Aquí, más que en cualquier otro ámbito, resulta esencial una comprensión de la ciencia por parte del público. Muchos científicos afirman que existe un peligro real si se siguen haciendo las cosas como hasta ahora, que nuestra civilización industrial constituye una trampa explosiva. Sin embargo, resulta muy costoso tomar en serio advertencias tan horrendas. Las industrias afectadas perderían beneficios. Aumentaría nuestra propia ansiedad. Hay muchas y buenas razones para desoír esas voces. Tal vez los numerosos científicos que nos previenen de la inminencia de catástrofes sean unos agoreros. Quizás amedrentar a los demás les proporcione un perverso placer. Tal vez no sea más que una manera de conseguir subvenciones oficiales. Al fin y al cabo, otros científicos dicen que no hay nada de qué preocuparse, que tales afirmaciones no están demostradas, que el medio ambiente se curará solo. Como es lógico, ansiamos creerles. ¿Quién no? Si tienen razón, nos aliviarán de una inmensa carga. Así que no nos precipitemos. Seamos cautelosos. Procedamos lentamente. Asegurémonos primero. Por otro lado, es posible que quienes nos tranquilizan acerca del medio ambiente sean como Pollyannas
[9]
o tengan miedo de enfrentarse con los que asumen el poder o quieran gozar del apoyo de los beneficiarios del expolio del medio ambiente. Así que démonos prisa; arreglemos las cosas antes de que sea tarde.
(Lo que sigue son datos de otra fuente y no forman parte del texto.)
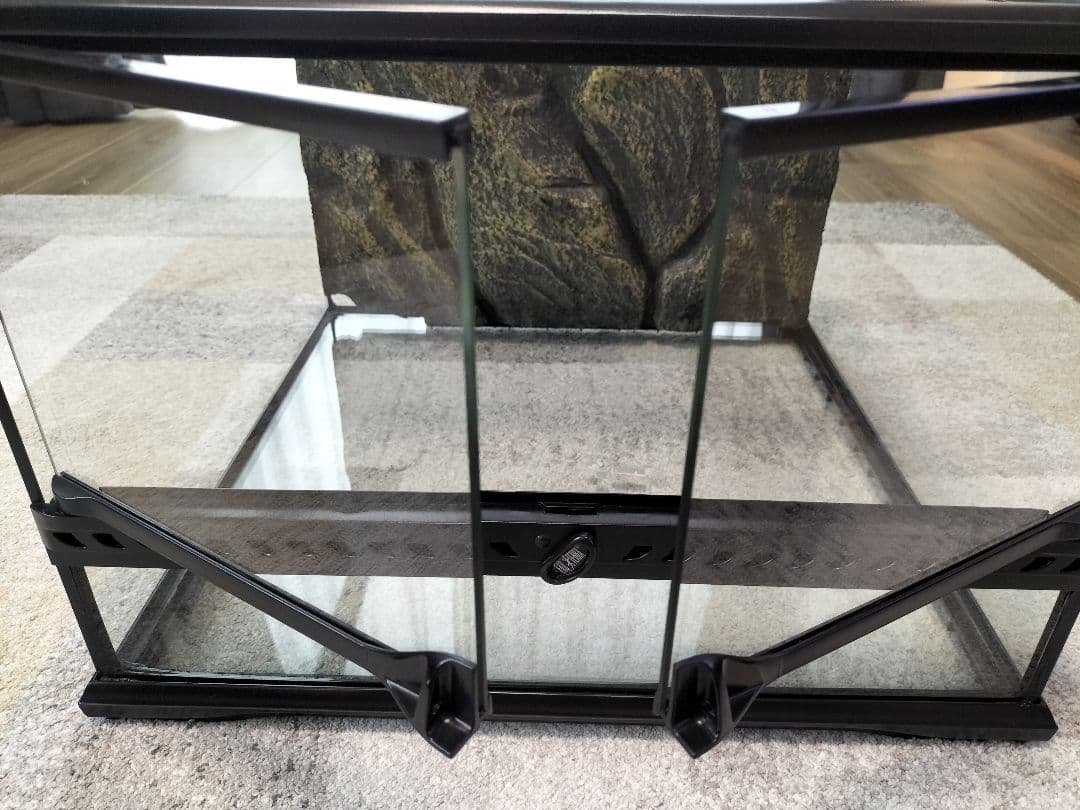 GEX エキゾテラ グラステラリウム 4530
¿A quién hay que escuchar?

Existen argumentos a favor y en contra que implican abstracciones, invisibilidades, conceptos y términos no familiares. A veces incluso se aplican palabras como «fraude» o «engaño» a las predicciones funestas. ¿Cómo puede ayudar aquí la ciencia? ¿Cómo puede informarse el individuo medio de lo que está en juego? ¿No sería posible mantener una neutralidad desapasionada pero abierta y dejar que los contendientes se peleen, o aguardar a que las pruebas resulten absolutamente incuestionables? Al fin y al cabo, las afirmaciones extraordinarias requieren una demostración extraordinaria. ¿Por qué, en suma, aquellos que, como yo mismo, predican el escepticismo y la cautela acerca de algunas afirmaciones extraordinarias arguyen que otras del mismo carácter deben ser tomadas en serio y consideradas con urgencia?